Egyptian border guards released robot artist Ai-Da

Image credit: BBC

After being detained at customs by Egyptian authorities, a British-built robot that utilises cameras and a robotic arm to produce abstract art has been released.

Border authorities arrested Ai-Da, named after mathematician Ada Lovelace, last week, fearing that her robotics were concealing clandestine spy gear.

Officials detained the robot for ten days, jeopardising preparations to display her work at Giza’s Great Pyramid on Thursday. Border guards apprehended Ai-Da after becoming suspicious of her modem, according to designer Aidan Meller, before raising concerns about her camera.
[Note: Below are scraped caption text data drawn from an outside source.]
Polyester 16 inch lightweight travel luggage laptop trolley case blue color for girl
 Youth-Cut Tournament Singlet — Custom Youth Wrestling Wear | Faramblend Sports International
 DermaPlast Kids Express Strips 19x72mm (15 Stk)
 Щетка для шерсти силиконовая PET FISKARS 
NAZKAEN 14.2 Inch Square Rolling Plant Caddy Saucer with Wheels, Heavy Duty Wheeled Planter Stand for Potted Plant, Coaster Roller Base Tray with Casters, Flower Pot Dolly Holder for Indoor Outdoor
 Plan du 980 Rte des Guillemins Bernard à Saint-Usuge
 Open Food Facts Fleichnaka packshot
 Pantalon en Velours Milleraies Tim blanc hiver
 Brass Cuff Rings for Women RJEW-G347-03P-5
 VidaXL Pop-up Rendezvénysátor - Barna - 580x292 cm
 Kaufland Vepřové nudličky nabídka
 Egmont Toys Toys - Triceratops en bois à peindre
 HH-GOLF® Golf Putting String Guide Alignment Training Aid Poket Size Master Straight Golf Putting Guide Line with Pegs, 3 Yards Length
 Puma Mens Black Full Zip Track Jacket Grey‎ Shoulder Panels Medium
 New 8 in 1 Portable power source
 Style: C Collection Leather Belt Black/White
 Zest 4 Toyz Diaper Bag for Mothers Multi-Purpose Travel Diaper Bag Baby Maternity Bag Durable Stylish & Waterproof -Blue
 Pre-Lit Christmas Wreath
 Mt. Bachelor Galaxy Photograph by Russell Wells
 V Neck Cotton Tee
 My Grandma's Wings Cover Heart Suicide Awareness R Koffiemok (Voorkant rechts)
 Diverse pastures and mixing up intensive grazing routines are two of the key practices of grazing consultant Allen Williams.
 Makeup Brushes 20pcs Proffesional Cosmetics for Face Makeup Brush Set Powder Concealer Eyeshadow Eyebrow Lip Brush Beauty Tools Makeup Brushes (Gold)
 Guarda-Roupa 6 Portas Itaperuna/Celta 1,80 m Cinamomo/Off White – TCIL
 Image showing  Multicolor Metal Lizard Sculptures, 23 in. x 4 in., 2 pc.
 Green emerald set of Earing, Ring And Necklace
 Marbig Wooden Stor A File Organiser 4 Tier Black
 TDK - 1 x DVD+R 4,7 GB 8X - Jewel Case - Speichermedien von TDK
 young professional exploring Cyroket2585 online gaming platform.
Mr. Meller offered to take away the modem, but said he couldn’t take away the cameras, which Ai-Da needs to paint. The robot uses artificial intelligence (AI) to transform the images captured by its camera into pieces of art. He told the Guardian, “I can get rid of the modems, but I can’t take her eyes out.”

Mr. Meller complimented the work of the British ambassador, who he said had been working through the night to have Ai-Da released, but noted that her late release would make getting her ready for the Thursday display difficult. “We’re down to the wire right now,” he remarked.

The piece was supposed to be part of Egypt’s first contemporary art display in 4,500 years. Before the “Forever Is Now” show, which runs until November 7, both Ai-Da and her sculpture were sent to Cairo in specialised flying boxes via air cargo.

Her clay sculpture is based on the Greek sphinx riddle: what happens four feet in the morning, two feet at noon, and three feet at night? Using a walking stick, a human goes through the stages of being a baby, an adult, and finally old age.

A sculpture of Ai-Da with three legs is her rendition of the ancient Greek riddle. Ai-Da was completed in 2019, and her work, which features the first “self-portrait with no self,” has been shown at London’s Design Museum and the Victoria & Albert Museum.